- Directed by: S D Aravind
- Produced by: G R Ramesh
- Starring: Avinash Diwakar; Harshika Poonacha;
- Cinematography: Ananth Urs
- Edited by: Sree
- Music by: Arjun Janya
- Release date: February 26, 2010;
- Country: India
- Language: Kannada

= Jugaari =

2010 Kannada film

Jugaari (ಜುಗಾರಿ) is a 2010 Kannada film directed by S. D. Arvind. The music of the film was composed by Arjun Janya.The film was produced by Ramesh G.R.

== Cast ==
- Avinash Diwakar as Shankara
- Harshika Poonacha
- Avinash
- Sharath Lohitashwa
- B. Suresha
- Girija Lokesh

== Reception ==
=== Critical response ===

BS Srivani from Deccan Herald wrote "Harshika tries mightily to chew a role that is big for her and does a creditable job.
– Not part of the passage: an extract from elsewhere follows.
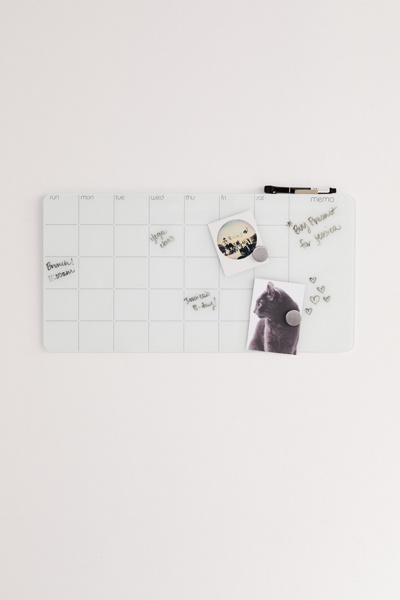 glass-monthly-planner-board-urban-outfitters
The rest - Shivaji Jadhav, Avinash and several other actors - have all done a splendid job. “Jugaari” is intelligent cinema, with little “mass” appeal". A critic from The New Indian Express wrote "Aravind’s USP is the narration of the story during the post-intermission session. The climax of this film is not only hilarious but also interesting and Suresh’s dialogues laced with North Karnataka diction give the audience a hearty laugh. Another scene, where the hero translocates a so-called social worker to a garbage dumping yard, provides comic relief".